What is order vs. chaos (or reason vs. madness)?
This central thematic conflict drives the play: the struggle between rational civic order and ecstatic divine chaos.
What is metatheatre?
Dionysus manipulates Pentheus through disguise and role-playing, highlighting this self-aware dramatic device.
Who is Tiresias?
Pentheus ignores warnings from this blind prophet who recognizes Dionysus’ divinity.

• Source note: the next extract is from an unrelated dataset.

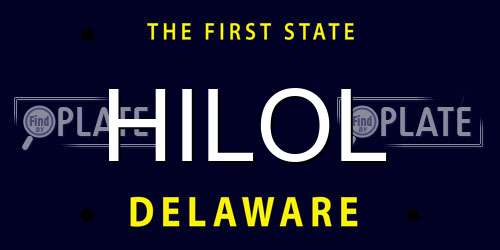 HILOL Delaware License Plate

What is the Peloponnesian War?
Written near the end of this major war, The Bacchae reflects instability and cultural anxiety in Athens.
What is hubris?
Pentheus’ obsessive need “to see” the Bacchae becomes this tragic flaw rooted in pride and control.
What is duality?
Dionysus embodies this principle of ambivalence, combining gentleness with brutality and masculine authority with feminine traits.
What is a spectacle?
Pentheus’ desire “to see” mirrors the audience’s act of watching, turning him into this.
What is divine will?
Pentheus’ destruction demonstrates the consequences of resisting this higher authority.

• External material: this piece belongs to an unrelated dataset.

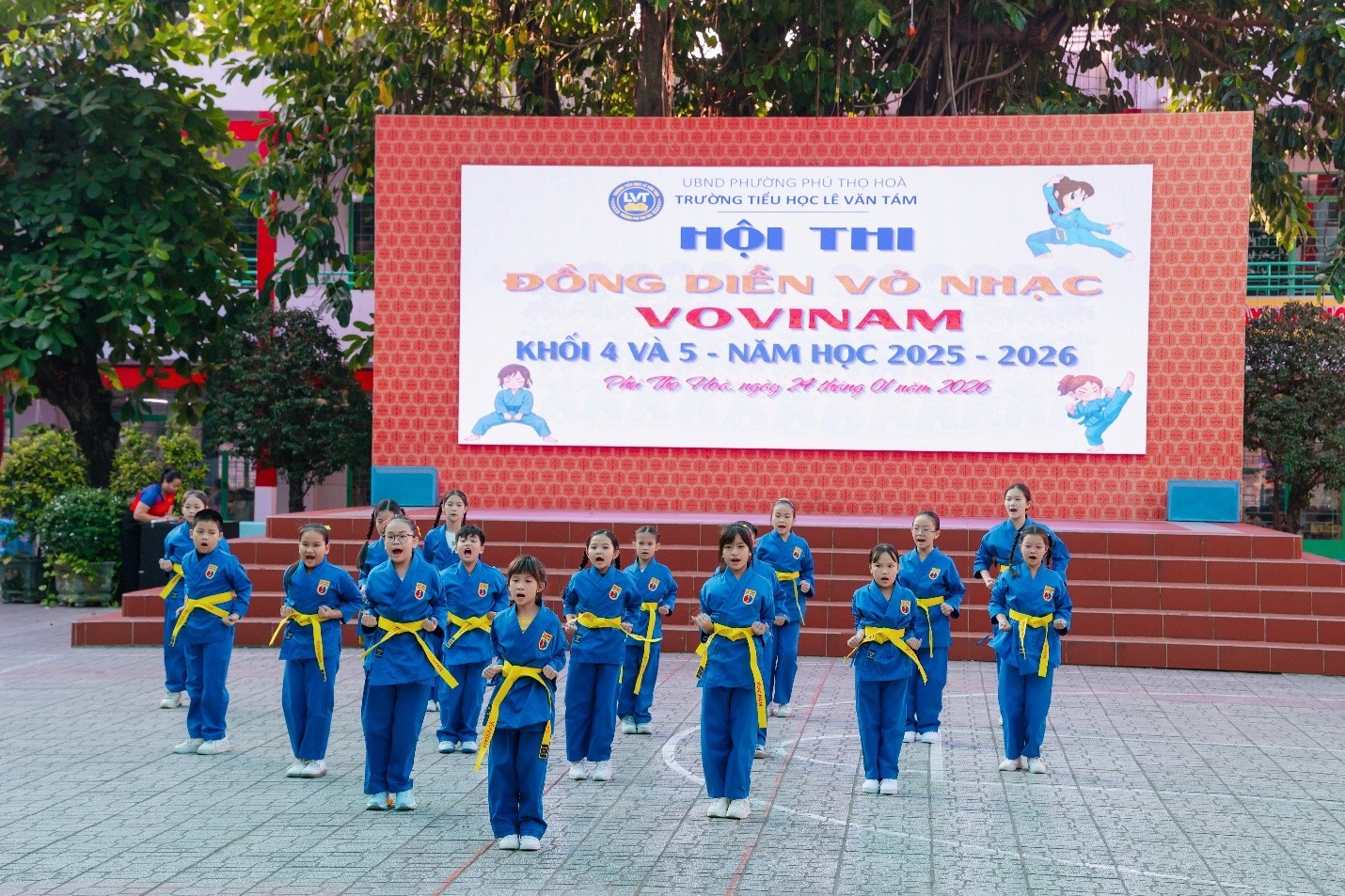 Trường tiểu học Lê Văn Tám giữ vững chất lượng giáo dục toàn diện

What are the unities of time, place, and action?
Greek tragedy followed these three structural principles later identified by Aristotle.
What is hamartia?
Pentheus’ failure to recognize his true circumstances until too late reflects this Aristotelian concept of tragic ignorance.
What is remembrance?
Wine symbolizes both intoxicated forgetfulness and this painful return to awareness.
What is catharsis?
The close proximity of peripeteia and anagnorisis intensifies this emotional purging in the audience.
What is tragic punishment?
Unlike many Dionysian rituals, the play ends not in celebration but in this severe outcome.
What is the palace (or skene)?
The play’s action remains in front of this single Theban structure, reinforcing unity of place.
What is peripeteia?
The reversal from ruler to victim represents this dramatic turning point in Greek tragedy.
What is dismemberment and (re)membering?
The tearing apart of Pentheus represents both literal violence and this metaphorical breakdown of identity and social control.
What is unity of action?
All scenes in the play directly contribute to this tightly structured cause-and-effect progression.
What is divine madness?
Dionysus’ combination of theatrical illusion and brutal reality reflects his role as both god of theater and god of this ecstatic force.
What are masks?
Because Greek theater was performed in large outdoor amphitheaters, actors relied on these to project identity and emotion.
What is anagnorisis?
Pentheus’ realization of his identity just before death — mirrored by Agave’s later recognition — exemplifies this moment of tragic awareness.
What is familial conflict (or divine retribution)?
The targeting of Agave reinforces this theme of divine punishment disrupting family bonds.
What is a single day (unity of time)?
The events unfold within this compressed timeframe, heightening urgency and inevitability.
What is theater?
By orchestrating illusion, disguise, spectacle, and destruction, Dionysus ultimately becomes a symbol of this art form itself.